For the first question, I've found a few interesting bits of information, but nothing complete. Maneuvering the kick motor like a "normal" satellite/rocket after its burn seems like an obvious answer, and Rocket Lab's kick stage appears to use this approach, but I haven't been able to find out how common this approach is or whether it's a relatively recent development. In addition, it doesn't seem feasible for something like the Star 48, since it seems much simpler technology-wise and I'm not sure how maneuvering/reignition would work for a solid motor. Are there other separation/disposal options for this or other cases?

As for the second question, I haven't been able to find anything, though I'm not sure I'm looking in the right places.

  • $\begingroup$ Huh, I've never heard of such a thing. Always assumed the separation mechanism wouldn't be worth the mass. Following this question. $\endgroup$ Nov 9, 2021 at 0:27

2 Answers 2


One example (I do not know if it is typical) was the Inertial Upper Stage (IUS) used to boost space shuttle launched payloads into their final orbits.

The multi-solid-stage IUS also had a liquid fueled reaction control system (RCS). This RCS was used to fly the IUS away from the payload after separation. Here is an example from STS-93 which launched the Chandra (aka AXAF) observatory on an IUS.

...the final IUS coast phase and included the IUS/Chandra separation event and a special final RCS burn. The special RCS burn was included to provide the combined functions of a collision/contamination avoidance maneuver (CCAM) and RCS burn-to-depletion (BTD). The CCAM/BTD was designed to preclude physical contact and to minimize contamination of Chandra by IUS SRM outgassing or RCS thrusting.

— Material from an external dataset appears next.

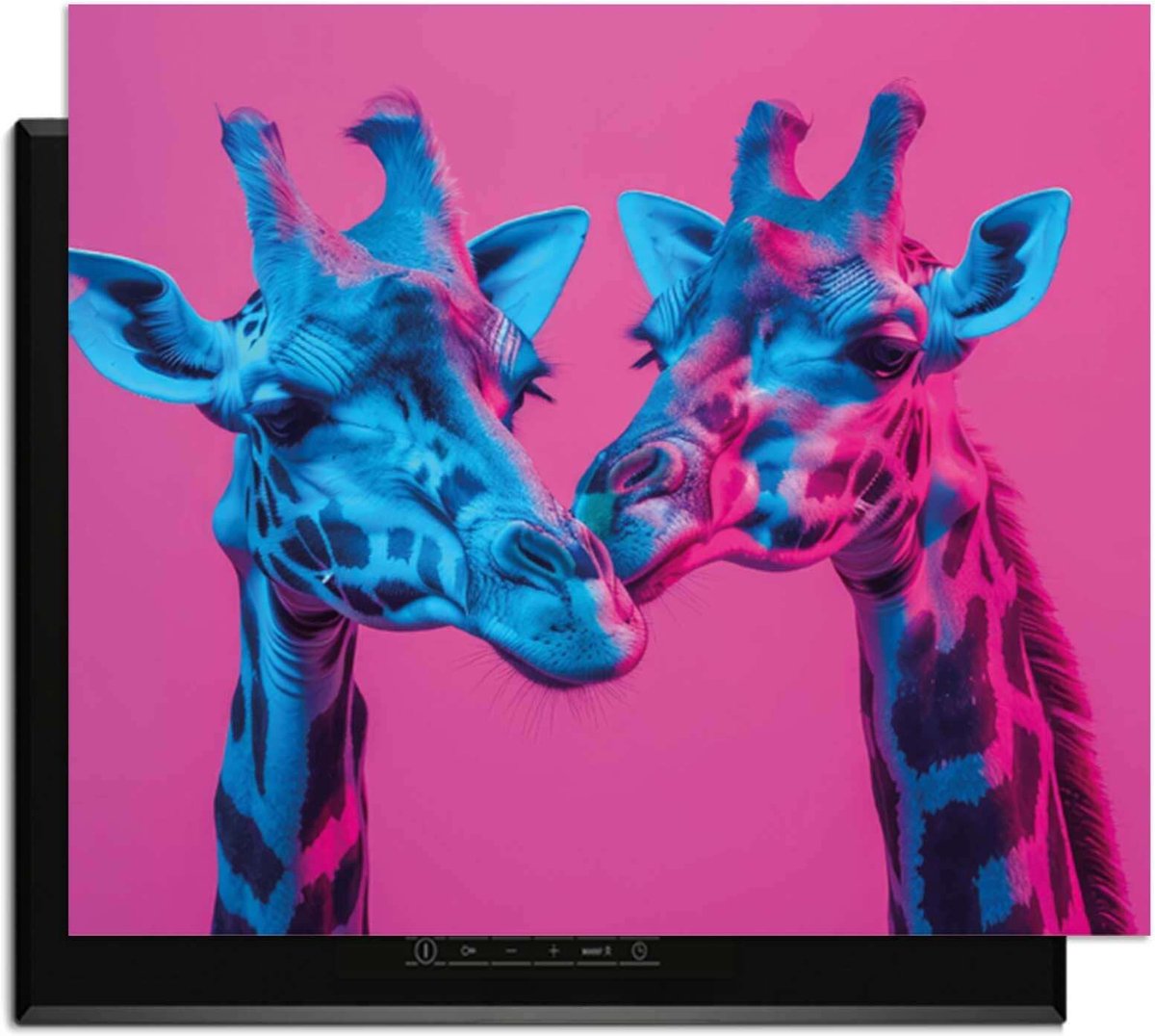 KitchenArt - Neon Romance – Inductie Beschermer - 70x52 cm - Kookplaat Beschermer - Luxe Afdekplaat Inductieplaat - Anti-slip & Oprolbaar - Beschermmat Inductiekookplaat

Source: Flight Results of the Chandra X-ray Observatory Inertial Upper Stage Space Mission

  1. Springs, and 2. Poorly.

Assuming a final, solid stage is separated (some don’t), the end payload separates just like it would for a liquid (assuming Western, not Soviet payload interfaces). A release mechanism splits the payload and stage interface rings along a separation line. Springs, preloaded when the stage and payload were mated on the ground, are then free to extend. These sep springs may sound puny, but with enough steel/titanium/whatever, and enough of a preloading fixture at the payload prep facility, you can get a significant spring force. Meanwhile, the fundamental principle of a coil spring is well-understood, easily sourced, and basically bombproof. In an inertial environment (no gravitational effects, drag, very little damping) this should be all you need.

Should , on paper. In the real world, the spring force just doesn’t get you anywhere close to what that stage had gotten you, so the stage and payload drift apart somewhat slowly. Based on perturbations, the dead stage can (slowly) do various things. Space missions are very keen on having the dead stage in sight, until drag pulls it away by a comfortable margin. (Empty stages have low mass for their surface area, so residual drag has a high effect, compared to the brand-new satellite which is tanked up.) Of course, if the two are orbiting high enough, drag goes to zero effectively if not literally, and that empty cask can linger for years .

For this reason, many projects opt to incorporate the final solid into the spacecraft (if it’s small enough), dedicate some payload thruster fuel for an early maneuver (handy if you need to circularize, or you just demand extreme orbital precision), or prefer a liquid as the last stage, with some sort of avoidance/disposal maneuver in the sequence. Restartable upper stages aren’t that weird and costly anymore, and are a selling point for a launch operation. Besides, a restartable upper stage can do things like circularization, extreme orbit precision, multi-burn trajectories, etc.